> Goal of the exercise
Skip all pictures. Write out the data below from its first line through the line that contains "It just adds".

> Data segment
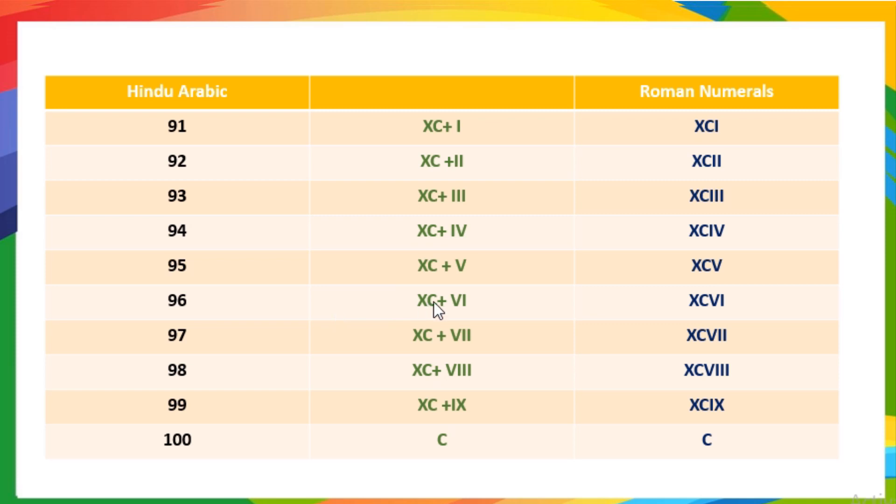96 means 90 plus 6, so it is written as XCVI. 97 means 90 plus 7, so it is written as XCVII. 98 means 90 plus 8, so it is written as XCVIII. 99 means 90 plus 9, so it is written as XCIX. 100 is written as C.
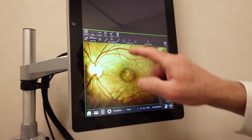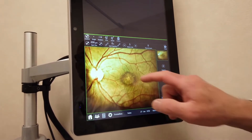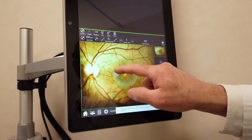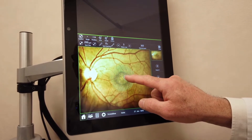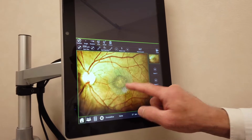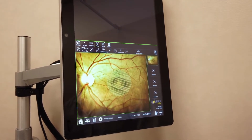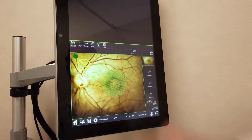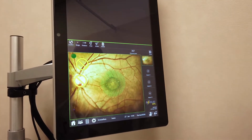These are the parameters, after which we start to draw on the retina the area we are going to treat with the system. We treat both the foveal area and extend the treatment just outside the edematous area. This machine also has two no-treatment areas available where the machine does not treat, and the surgeon chooses to activate them or not.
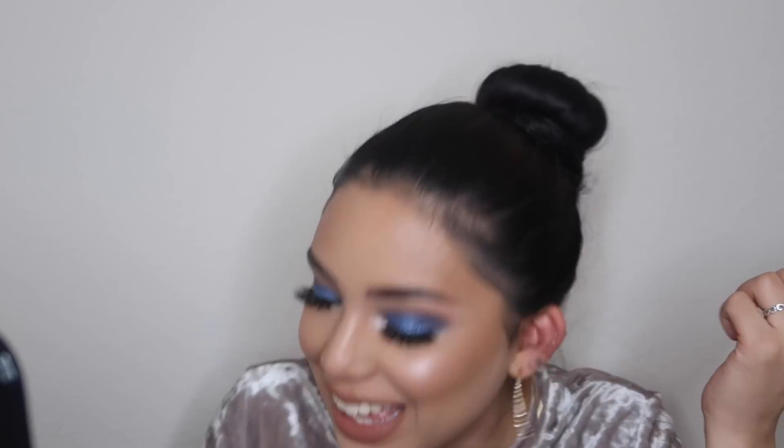It just adds like a tiny bit of color to my lips so they don't blend into my face. For the final step I'm going to put mascara on my bottom lashes.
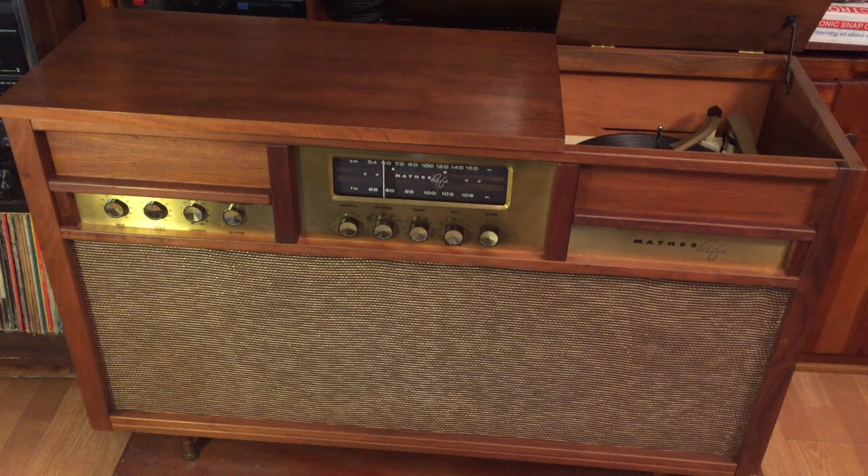And that's it everybody. Can you listen to some Bo Diddley on the way out here? Thanks for watching, and thanks to my friends Jessica and Danny for letting me work on their really, really cool Mathis Hi-Fi here.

> Completed exercise
96 means 90 plus 6, so it is written as XCVI. 97 means 90 plus 7, so it is written as XCVII. 98 means 90 plus 8, so it is written as XCVIII. 99 means 90 plus 9, so it is written as XCIX. 100 is written as C.
These are the parameters, after which we start to draw on the retina the area we are going to treat with the system. We treat both the foveal area and extend the treatment just outside the edematous area. This machine also has two no-treatment areas available where the machine does not treat, and the surgeon chooses to activate them or not.
It just adds like a tiny bit of color to my lips so they don't blend into my face. For the final step I'm going to put mascara on my bottom lashes.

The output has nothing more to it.